Aurore, parce que c’est le commencement de la carrière d’écrivain, si elle peut se révéler en être une. J’ai cherché une image qui pouvait mieux expliquer ce titre, c’est à Epena dans le département de la Likouala, où je suis en mission, que je la trouve. Il est cinq heures une lueur matinale présente en fond de toile le soleil qui commence à projeter son ombre ultra-violette sur le fleuve Likouala aux herbes.
La course s’est-elle donc arrêtée à ce point ?

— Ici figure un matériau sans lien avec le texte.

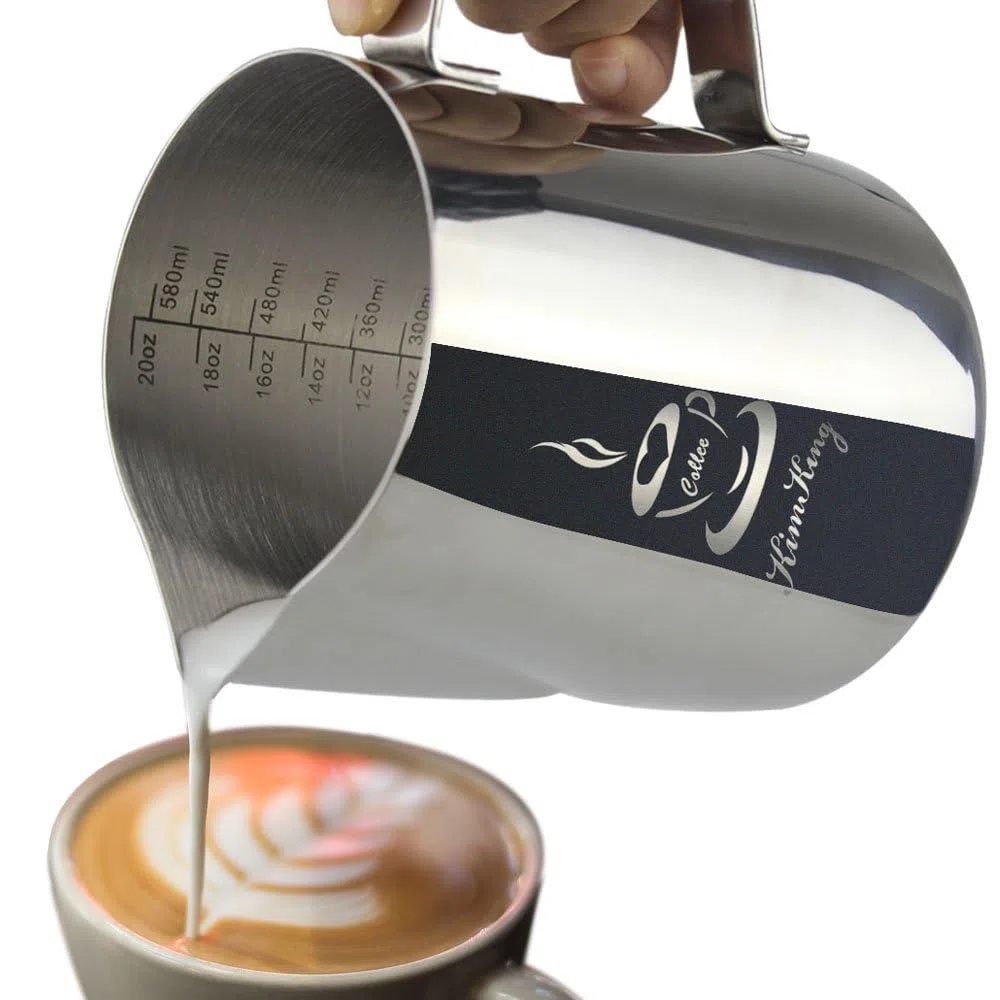 KimKing Lattiera per cappuccino in Acciaio Inox Lattiera Latte Art Silve 60 cl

Quand on plonge dans les flammes voraces du grand fleuve littérature, on n’a plus qu’une seule passion : écrire et toujours écrire.
Beaucoup d’acteurs culturels congolais se plaignent du désintéressement total del’autorité de tutelle. Êtes-vous de cet avis ?
Je suis de ceux qui le pensent. Le Ministère de la culture se désintéresse des activités menées par les écrivains. J’ai déjà assisté à plusieurs présentations des auteurs congolais, je n’ai jamais constaté la présence d’un agent de ce ministère, même lorsque ces activités ont lieu au niveau de la salle de conférence dudit ministère. Je me demande s’il y a encore une salle qui peut abriter des manifestations culturelles comme l’étai le CFRAD ? Et puis, ce Ministère accorde un peu plus d’importance aux musiciens qu’aux autres acteurs culturels qui par leurs œuvres font l’honneur du pays. Peut-être parce que certains musiciens adulent les politiques.
Quels remèdes, à votre avis, pour sauver le bateau culture congolaise, menaçant de rompre ?
Le Ministère de la culture doit recréer des espaces culturels où non seulement se découvrent les artistes, mais aussi où se développe le goût de la lecture. Organiser des concours et encourager les acteurs culturels pour permettre l’éclosion de nouveaux talents. Il doit établir des échanges avec les différentes organisations des artistes et écrivains. Les décideurs doivent valoriser le livre congolais dans les programmes scolaires.
Avez-vous des projets en cours ?
A la présentation d’Aurore à Sibiti, Florent Soni Zaou (Présentateur) disait que la publication d’un premier livre n’a souvent été qu’un simple coup de foudre, alors que le second à paraître doit affirmer l’amour pour l’écriture et le troisième doit être la confirmation de la démarche amorcée. J’ai donc envie de m’affirmer en présentant au public d’ici un an, un nouveau-né dans le cadre du roman, de la poésie ou de la nouvelle.
Un dernier mot ?
Pour mieux communiquer par et à travers le livre, les littérateurs, ouvriers des belles lettres doivent former une phratrie solidaire.